Ross WRIGHT, a.k.a. Elvis Schoenberg, is stirring the pot. But though his homemade spaghetti sauce, its pungent aroma wafting through the air, may be assaulting olfactory senses, it’s the sound of 20-odd musicians tuning up -- violins, trumpets, woodwinds, percussion, electric guitars and keyboard -- that nearly blows the roof off his tiny Highland Park home.

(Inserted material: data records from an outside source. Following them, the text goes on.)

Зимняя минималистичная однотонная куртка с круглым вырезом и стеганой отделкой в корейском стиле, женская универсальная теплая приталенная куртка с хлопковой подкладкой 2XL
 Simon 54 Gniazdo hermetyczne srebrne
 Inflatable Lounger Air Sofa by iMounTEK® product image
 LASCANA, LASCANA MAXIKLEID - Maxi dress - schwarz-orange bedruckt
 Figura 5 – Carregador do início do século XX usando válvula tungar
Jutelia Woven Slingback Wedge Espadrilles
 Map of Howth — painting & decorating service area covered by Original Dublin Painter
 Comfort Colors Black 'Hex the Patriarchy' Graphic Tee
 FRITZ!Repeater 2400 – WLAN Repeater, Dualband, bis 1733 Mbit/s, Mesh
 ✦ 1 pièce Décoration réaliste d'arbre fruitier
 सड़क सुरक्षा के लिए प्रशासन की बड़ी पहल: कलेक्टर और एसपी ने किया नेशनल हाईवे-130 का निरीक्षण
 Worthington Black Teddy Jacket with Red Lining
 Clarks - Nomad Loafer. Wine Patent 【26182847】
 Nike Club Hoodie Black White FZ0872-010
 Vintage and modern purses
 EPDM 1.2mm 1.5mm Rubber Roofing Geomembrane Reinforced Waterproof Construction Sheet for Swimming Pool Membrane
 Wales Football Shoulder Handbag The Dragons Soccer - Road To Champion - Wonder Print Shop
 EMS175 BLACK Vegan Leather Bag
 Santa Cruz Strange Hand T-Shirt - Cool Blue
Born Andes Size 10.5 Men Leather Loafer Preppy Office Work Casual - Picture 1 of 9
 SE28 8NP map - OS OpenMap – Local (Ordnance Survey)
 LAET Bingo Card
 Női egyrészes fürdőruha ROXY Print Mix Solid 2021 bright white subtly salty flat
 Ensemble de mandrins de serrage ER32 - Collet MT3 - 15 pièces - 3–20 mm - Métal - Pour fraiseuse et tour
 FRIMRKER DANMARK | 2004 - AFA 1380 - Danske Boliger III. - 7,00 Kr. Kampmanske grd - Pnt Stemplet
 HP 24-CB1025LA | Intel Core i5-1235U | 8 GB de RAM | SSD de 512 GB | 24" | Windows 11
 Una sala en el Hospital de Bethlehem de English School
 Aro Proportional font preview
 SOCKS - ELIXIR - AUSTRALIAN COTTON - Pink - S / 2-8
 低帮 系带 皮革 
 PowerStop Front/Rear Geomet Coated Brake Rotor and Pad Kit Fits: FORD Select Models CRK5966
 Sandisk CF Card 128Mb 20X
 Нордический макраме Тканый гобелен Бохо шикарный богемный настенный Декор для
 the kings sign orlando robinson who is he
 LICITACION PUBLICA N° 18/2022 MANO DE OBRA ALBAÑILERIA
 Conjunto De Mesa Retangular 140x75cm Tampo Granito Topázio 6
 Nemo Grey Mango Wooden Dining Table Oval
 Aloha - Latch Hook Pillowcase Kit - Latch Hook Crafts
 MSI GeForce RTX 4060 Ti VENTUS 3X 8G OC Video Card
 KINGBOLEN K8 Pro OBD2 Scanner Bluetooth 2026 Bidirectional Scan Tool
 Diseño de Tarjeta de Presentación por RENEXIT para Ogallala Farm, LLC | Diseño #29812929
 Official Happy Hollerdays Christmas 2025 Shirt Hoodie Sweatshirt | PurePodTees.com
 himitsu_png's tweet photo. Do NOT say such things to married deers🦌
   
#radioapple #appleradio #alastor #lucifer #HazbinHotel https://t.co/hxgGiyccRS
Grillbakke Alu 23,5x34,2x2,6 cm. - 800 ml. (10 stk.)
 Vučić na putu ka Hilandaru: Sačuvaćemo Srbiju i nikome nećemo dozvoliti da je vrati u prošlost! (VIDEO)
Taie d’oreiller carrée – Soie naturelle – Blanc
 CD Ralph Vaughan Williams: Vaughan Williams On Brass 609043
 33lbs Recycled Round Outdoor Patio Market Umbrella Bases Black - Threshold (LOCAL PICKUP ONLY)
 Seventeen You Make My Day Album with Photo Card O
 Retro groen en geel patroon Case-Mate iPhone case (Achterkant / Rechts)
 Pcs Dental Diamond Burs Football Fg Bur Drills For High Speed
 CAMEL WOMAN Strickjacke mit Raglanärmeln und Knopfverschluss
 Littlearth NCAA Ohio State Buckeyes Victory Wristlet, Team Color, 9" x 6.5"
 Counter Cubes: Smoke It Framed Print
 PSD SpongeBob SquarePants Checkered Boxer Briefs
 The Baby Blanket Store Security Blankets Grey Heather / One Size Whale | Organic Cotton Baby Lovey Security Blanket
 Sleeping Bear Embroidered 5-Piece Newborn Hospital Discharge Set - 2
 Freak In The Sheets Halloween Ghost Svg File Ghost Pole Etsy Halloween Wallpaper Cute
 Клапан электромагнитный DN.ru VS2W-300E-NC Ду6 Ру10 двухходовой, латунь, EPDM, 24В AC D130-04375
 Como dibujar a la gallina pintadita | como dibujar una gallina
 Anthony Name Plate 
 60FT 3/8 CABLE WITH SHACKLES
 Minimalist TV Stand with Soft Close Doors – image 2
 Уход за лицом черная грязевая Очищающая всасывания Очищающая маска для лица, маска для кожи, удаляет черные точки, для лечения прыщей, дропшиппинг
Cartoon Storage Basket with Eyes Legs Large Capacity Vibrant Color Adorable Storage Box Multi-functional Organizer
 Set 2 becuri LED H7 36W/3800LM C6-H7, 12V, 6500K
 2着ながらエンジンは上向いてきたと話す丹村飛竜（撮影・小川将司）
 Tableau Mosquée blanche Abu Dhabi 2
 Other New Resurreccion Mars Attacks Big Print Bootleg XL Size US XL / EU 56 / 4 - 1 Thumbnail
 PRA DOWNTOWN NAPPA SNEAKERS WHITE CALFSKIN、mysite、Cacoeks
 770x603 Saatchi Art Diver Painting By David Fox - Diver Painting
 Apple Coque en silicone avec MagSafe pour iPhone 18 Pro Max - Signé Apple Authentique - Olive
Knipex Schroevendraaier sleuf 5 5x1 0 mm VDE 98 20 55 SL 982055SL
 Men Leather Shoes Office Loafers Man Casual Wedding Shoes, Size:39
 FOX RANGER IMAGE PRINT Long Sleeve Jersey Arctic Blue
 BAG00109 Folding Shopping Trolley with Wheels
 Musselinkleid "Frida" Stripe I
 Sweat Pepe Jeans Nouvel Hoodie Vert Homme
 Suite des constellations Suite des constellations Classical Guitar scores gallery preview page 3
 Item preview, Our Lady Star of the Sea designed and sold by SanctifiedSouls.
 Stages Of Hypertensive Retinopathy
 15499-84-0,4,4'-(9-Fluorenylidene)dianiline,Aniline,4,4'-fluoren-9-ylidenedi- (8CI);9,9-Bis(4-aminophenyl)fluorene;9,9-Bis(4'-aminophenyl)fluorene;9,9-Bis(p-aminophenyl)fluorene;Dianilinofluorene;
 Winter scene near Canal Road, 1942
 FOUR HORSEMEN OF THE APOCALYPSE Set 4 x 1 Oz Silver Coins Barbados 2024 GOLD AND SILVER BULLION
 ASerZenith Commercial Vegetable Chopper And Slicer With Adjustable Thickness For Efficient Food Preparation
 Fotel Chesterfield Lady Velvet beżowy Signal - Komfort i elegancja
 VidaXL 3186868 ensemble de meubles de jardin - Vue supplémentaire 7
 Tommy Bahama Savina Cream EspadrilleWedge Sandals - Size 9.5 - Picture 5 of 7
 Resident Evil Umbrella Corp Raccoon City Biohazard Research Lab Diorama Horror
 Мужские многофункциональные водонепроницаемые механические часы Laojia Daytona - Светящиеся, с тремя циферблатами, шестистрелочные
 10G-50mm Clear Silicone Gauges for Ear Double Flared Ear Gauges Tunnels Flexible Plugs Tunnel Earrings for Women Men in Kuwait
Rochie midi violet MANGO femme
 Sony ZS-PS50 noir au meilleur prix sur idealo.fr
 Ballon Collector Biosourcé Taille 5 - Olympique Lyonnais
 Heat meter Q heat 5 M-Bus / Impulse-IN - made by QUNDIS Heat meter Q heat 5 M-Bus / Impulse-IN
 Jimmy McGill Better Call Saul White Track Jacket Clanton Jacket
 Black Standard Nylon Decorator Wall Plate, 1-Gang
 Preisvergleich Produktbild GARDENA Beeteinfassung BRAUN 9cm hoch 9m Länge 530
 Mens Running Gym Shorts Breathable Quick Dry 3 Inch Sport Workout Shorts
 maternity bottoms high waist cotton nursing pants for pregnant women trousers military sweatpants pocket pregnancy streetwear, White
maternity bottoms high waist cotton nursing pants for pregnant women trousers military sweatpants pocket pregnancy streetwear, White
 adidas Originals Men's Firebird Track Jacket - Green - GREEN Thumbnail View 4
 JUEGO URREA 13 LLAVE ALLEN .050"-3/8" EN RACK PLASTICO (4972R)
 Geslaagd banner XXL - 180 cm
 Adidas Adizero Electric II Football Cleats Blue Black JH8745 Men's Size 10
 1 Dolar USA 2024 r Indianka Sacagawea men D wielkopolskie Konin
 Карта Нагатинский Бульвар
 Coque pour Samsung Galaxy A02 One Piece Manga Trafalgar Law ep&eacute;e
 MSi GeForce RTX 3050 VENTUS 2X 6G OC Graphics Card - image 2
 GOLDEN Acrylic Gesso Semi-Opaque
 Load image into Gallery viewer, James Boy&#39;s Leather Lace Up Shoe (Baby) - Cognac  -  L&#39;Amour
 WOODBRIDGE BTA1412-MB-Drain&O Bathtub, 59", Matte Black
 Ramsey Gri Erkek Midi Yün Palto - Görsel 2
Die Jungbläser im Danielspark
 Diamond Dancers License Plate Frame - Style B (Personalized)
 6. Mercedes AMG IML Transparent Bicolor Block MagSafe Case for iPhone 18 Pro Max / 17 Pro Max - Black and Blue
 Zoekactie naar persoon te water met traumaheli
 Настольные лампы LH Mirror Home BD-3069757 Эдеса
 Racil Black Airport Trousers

The grub is for his band, the Orchestre Surreal, and recognizable riffs from Bizet’s “Carmen” and Strauss’ “Thus Spake Zarathustra” jostle for prominence with the kind of complex 12-tone dissonance found in Arnold Schoenberg’s “Gurrelieder.” Indeed, when the 6-foot, 2-inch Wright moves from kitchen to living room, puts on a pair of amber-tinted specs, dons an animal-print tailcoat emblazoned with the Boy Scouts of America logo and raises his baton to conduct, the result is a stampede of sound unlike any other.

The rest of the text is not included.